A well-executed brand experience creates an emotional connection to an organization’s ideal audiences. Defining your essential value is a BIG part of building your brand guide, and it requires the ability to listen. Listen for consistency in the words used by everyone who talks about your organization; team members, leaders, clients, members, and partners. When one or two words keep popping up in conversation, they are clues to defining your essential value.
I remember a recent comprehensive rebrand project that included insights interviews. The Mercury team had completed Discovery sessions with the client’s sales and marketing teams and it was time for me to talk to clients, past clients, and employees. There was one phrase that I kept hearing over and over – “It’s the people”.
I had written this phrase more than 50 times in my notebook. It was said by leaders during the original Discovery, by clients, by salespeople, by employees – literally everyone. It was the breadcrumb that helped us dig deeper with the client to pull out their true differentiator and provide clarity for their brand messaging.
Watch as Justin and I share our brand strategy insights in this 4-minute video:
Do you know the value of your brand?
Can you and your team articulate your value simply and clearly?
Justin: Hey! We’re from Mercury Creative Group, and we’re here to talk about our Mercury Method.
Cheri: These Mercury Messages are a little bit about what we do, how we do it, and who we do it for.
Justin: You had talked about essential value, and this is something that we have a really fun time doing with our clients, and it’s getting their brand value down to a word or two. And we do this to, when we’re working with associations, for example, they have all these other stakeholders, board members who are transitioning out every couple of years.
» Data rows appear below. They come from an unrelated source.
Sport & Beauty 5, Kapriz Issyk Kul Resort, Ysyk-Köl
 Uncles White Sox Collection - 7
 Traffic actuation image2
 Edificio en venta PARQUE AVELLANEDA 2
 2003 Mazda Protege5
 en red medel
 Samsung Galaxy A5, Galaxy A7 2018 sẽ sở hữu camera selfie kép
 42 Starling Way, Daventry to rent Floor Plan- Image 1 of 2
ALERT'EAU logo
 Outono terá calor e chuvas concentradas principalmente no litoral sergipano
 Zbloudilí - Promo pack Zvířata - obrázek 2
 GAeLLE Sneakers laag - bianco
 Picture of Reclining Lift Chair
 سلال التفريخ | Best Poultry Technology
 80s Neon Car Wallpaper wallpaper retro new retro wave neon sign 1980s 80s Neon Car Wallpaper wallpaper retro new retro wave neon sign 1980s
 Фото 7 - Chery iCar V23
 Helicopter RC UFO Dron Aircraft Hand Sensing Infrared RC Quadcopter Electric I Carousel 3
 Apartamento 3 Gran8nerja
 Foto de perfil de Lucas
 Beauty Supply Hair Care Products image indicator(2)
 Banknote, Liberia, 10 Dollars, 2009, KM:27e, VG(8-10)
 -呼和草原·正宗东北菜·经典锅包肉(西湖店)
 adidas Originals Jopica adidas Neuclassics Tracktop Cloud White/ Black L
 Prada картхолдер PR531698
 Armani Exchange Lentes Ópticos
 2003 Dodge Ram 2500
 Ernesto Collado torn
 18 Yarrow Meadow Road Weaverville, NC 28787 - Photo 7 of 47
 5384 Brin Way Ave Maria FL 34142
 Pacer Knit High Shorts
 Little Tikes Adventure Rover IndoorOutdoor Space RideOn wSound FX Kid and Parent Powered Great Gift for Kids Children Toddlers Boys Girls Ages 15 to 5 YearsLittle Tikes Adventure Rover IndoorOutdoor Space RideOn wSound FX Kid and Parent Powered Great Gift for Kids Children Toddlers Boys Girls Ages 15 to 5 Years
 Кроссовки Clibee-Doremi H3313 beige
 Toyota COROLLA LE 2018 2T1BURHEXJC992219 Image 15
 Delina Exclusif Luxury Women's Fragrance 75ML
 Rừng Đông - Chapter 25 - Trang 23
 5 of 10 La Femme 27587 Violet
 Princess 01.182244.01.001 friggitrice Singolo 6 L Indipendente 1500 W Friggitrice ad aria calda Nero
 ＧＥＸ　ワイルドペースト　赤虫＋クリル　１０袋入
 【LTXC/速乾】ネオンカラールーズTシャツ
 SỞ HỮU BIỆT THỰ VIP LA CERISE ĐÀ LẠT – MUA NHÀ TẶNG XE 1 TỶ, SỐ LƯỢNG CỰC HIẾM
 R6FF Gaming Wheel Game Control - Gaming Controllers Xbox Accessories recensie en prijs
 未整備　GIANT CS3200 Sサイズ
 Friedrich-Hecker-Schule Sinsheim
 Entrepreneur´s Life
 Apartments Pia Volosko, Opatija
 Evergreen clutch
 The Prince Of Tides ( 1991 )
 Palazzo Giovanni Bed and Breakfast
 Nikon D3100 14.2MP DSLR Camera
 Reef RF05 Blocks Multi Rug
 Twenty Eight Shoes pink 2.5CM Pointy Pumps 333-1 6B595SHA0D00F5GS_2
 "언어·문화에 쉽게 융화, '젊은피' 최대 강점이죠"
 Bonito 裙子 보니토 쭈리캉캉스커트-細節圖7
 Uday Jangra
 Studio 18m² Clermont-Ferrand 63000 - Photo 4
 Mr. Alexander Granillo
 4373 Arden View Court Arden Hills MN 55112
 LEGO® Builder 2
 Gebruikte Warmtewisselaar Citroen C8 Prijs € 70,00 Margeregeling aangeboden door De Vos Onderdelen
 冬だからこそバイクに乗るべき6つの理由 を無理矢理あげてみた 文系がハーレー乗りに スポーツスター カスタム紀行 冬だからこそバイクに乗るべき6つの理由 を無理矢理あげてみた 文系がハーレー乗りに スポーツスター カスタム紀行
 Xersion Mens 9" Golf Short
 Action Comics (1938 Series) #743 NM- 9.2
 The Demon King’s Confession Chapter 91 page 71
So in order to keep that consistent message, we create an essential value exercise, which breaks down their brand in a word or two. That way they can remember what we stand for in the simplest fashion, but then talk to an ideal member or prospective member in their words to connect and align with them and help them know why I belong to this organization or why I should belong to this organization.
Cheri: Essential value is such an interesting thing to break down into just a word or two. What happens is that word or two, those two words are very powerful. I often introduce myself as the resident word nerd at Mercury, and what I mean by that is, and I’ll say it in discovery sessions, too, is the more words you say, the more I like it. Because throughout that process, throughout that discovery, we’re able to talk to leadership teams, to board members, as Justin mentioned, if we’re working with an Association. We’re able to talk to sales teams and marketing teams and other team members on the periphery that can really influence this brand work.
We also do insights gathering with clients or members or past members or joint venture partners. All of those conversations and all of that discovery distills down to finding common threads that really string through all of that discovery conversation to get to those essential values and distill down into those two words, maybe. And it’s pretty powerful. Those two words can be really powerful moving forward, and they then become how we communicate that brand.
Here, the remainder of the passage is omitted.